We have found that the best way for companies to detect counterfeits of their products is to use a skilled cyber investigator or cyber investigation company.
Counterfeit sellers often fall within one or more of the categories below:
- They are selling products substantially below retail price
- They have a large volume of product available
- They have short domain histories
- They have low-quality websites
- They have been known to sell other counterfeits
Cyber investigators are generally skilled at identifying bad actors engaged in counterfeit online sales, especially if using technology created specifically to stop these types of unauthorized sales.
In working with cyber investigators to identify counterfeit sellers online, they can produce a report with sellers known to sell counterfeits and who potentially fit any of the above criteria. From there, an investigator can purchase the products. He or she can then inspect the products and make a determination as to whether the products are actual counterfeits.
Companies affected by counterfeits should also work with attorneys skilled at pursuing online sellers and removing the counterfeit sellers using various legal techniques.
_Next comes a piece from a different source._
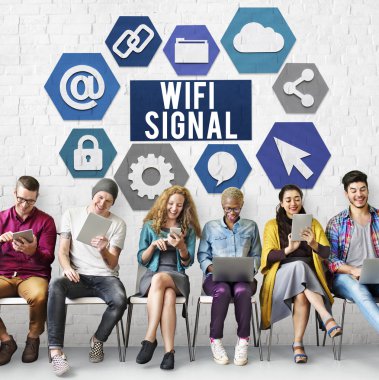 İnsanlar dijital araçları tarama  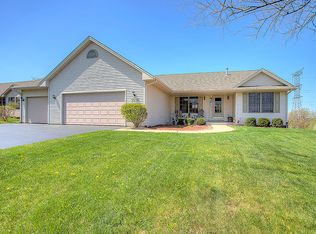 7790 Nesting Eagles Rd, Machesney Park, IL 61115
These techniques can include sending cease and desist letters and obtaining injunctions that can result in the removal of or transfer of websites.
The goal is to remove and stop impermissible counterfeit online sales and sellers, rather than engage in something akin to playing “Whac-A-Mole.” Companies do not want to work to get products down, only to see them pop up again online.
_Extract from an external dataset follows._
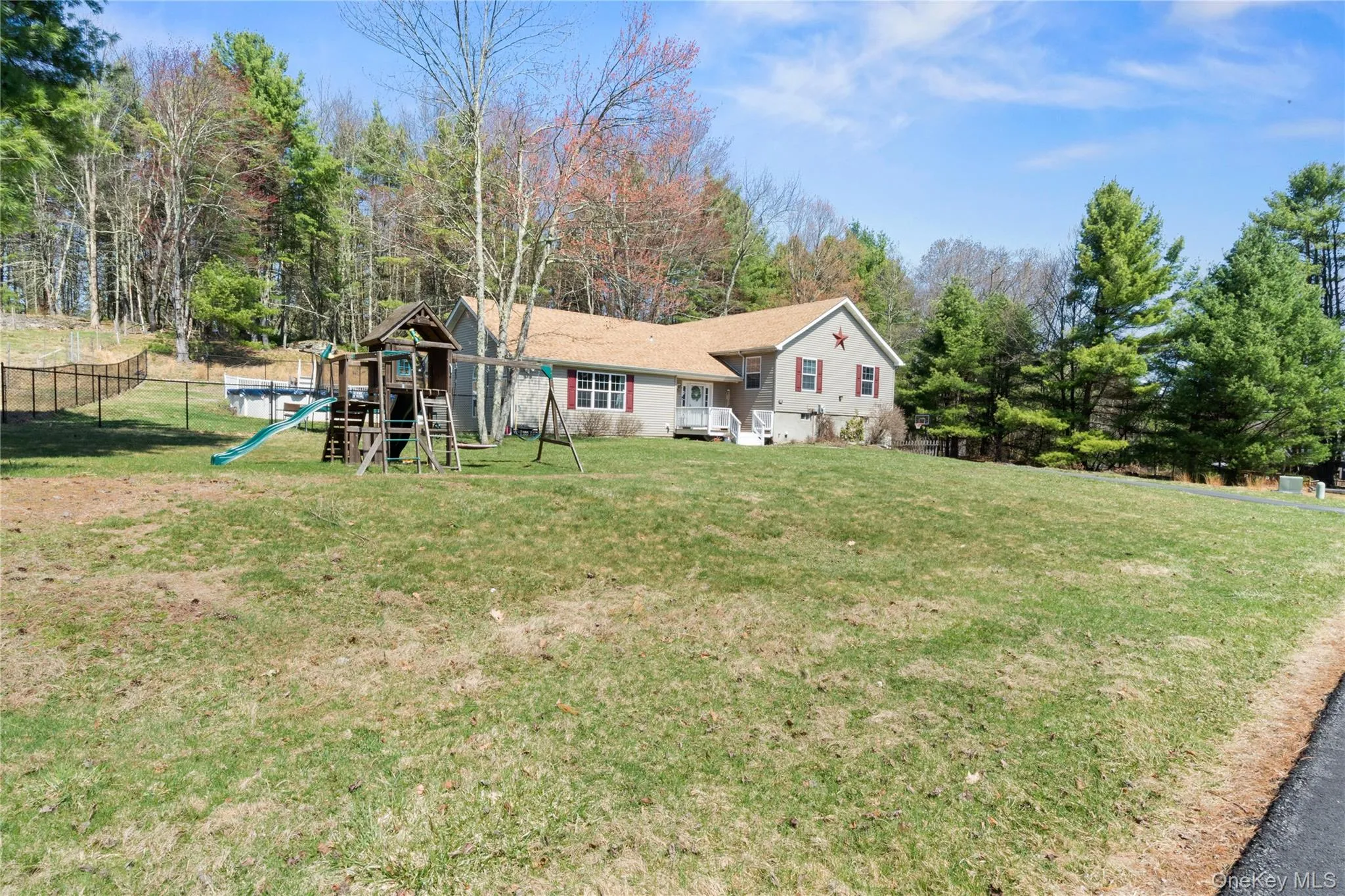 28 Marjorie Drive, Thompson, NY, 4 Bedrooms Bedrooms, 8 Rooms Rooms,2 BathroomsBathrooms,Residential,For Rent,Marjorie,0,986150 28 Marjorie Drive, Thompson, NY, 4 Bedrooms Bedrooms, 8 Rooms Rooms,2 BathroomsBathrooms,Residential,For Rent,Marjorie,0,986150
Beyond removing counterfeit products and websites, as well as potentially seizing websites and associated proceeds, counterfeit enforcement efforts should also be geared toward ensuring the unauthorized sellers completely stop cease their unlawful activity.
It is also worth noting that the federal Lanham Act provides for special damages in trademark counterfeiting cases. On top of actual damages, ill-gotten profits, treble damages and attorneys’ fees, Lanham Act also provides for statutory damages ranging anywhere from $1,000 to $200,000 per counterfeit good.
If a court finds counterfeit sales to be willful, that number can rise to as much as $2,000,000. However, it is important to note that to receive counterfeiting protection from the Lanham Act, companies must register their trademarks with the United States Patent and Trademark Office.